WHEN SUPERMAN FIRST appeared on the cover of Action Comics no. 1 in 1938, he was already a paragon of health and fitness. His chest was broad and his legs were sturdy, but his body was drawn with the lean, simple lines of an Olympic athlete, not a professional bodybuilder.
Early superheroes were strong, certainly – Superman is, in fact, hoisting a car over his head on the cover of the first Action Comics issue – but not swollen. Through the Golden and Silver Ages of comics, Superman, Batman, Spider-Man and their peers were depicted as athletic rather than massive. Take the original on-screen Superman, George Reeves, for example. Reeves was a former boxer and athlete who boasted a naturally solid build, but he didn’t go to great lengths to pack on extra muscle for the role. There was a straightforward reason for this: a superhero’s strength is derived from their powers, not from hypertrophied muscle fibres.
The bodies of superheroes would gradually change. By the ‘70s and ‘80s, as bodybuilding culture crept into the mainstream thanks to figures like Arnold Schwarzenegger, the physiques of superheroes in both comics and film began to shift.
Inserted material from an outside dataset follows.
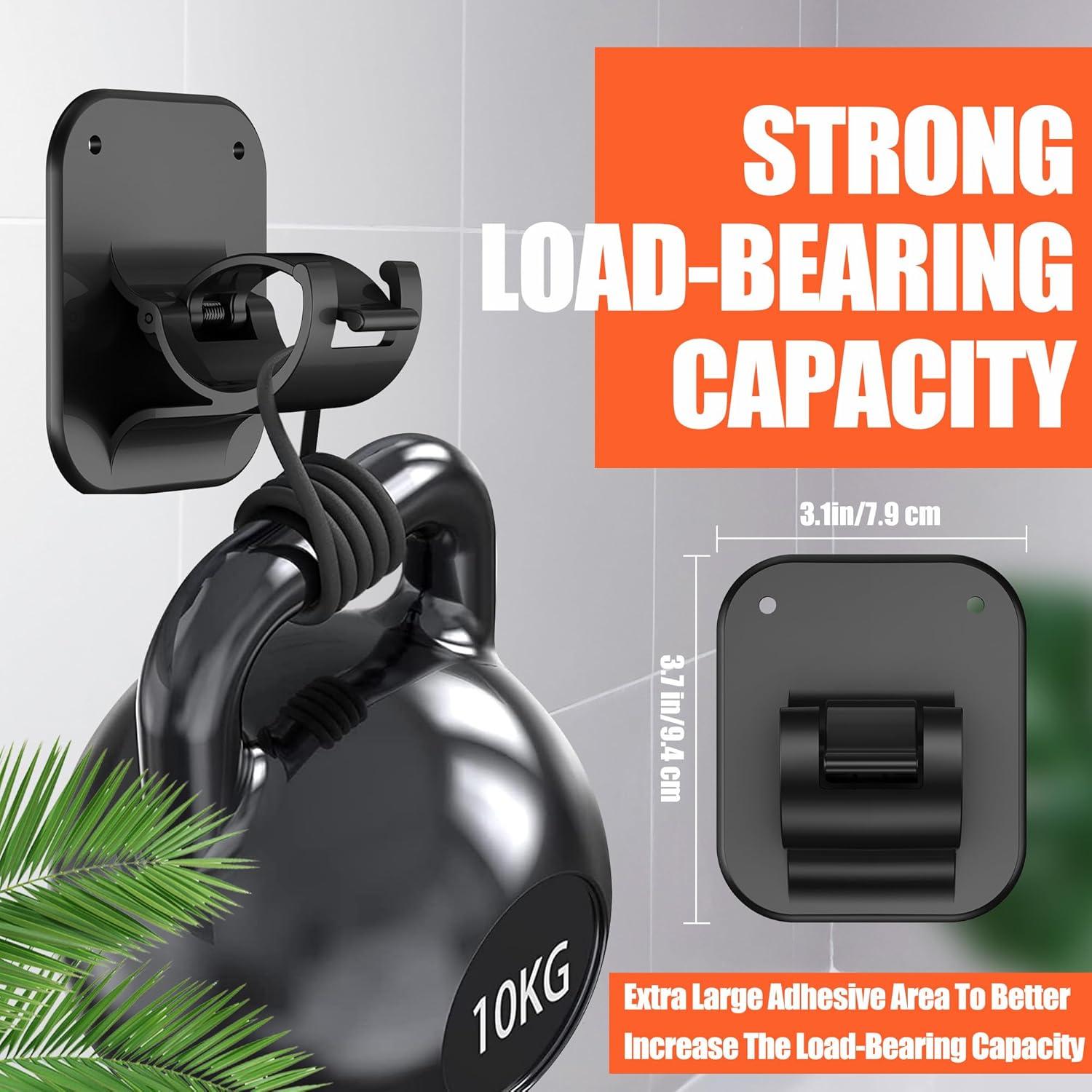 Soportes para Varillas de Cortina Autoadhesivos JHCJHC - 4 Piezas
They became more exaggerated, with wider shoulders, burnished biceps and torsos shaped like inverted pyramids.
When Christopher Reeve played Superman in 1978, he looked bigger than Reeves, but nowhere near the behemoths that would follow. By the time the Marvel Cinematic Universe exploded in the late 2000s, the physical transformation of its actors became a spectacle unto itself. Behind-the-scenes montages of Chris Hemsworth doing deadlifts or Chris Evans doing a bodyweight circuit became almost as talked-about as the films. Trainers were given the same – if not more – press coverage as directors. What was once make-believe strength became flesh-and-blood muscle.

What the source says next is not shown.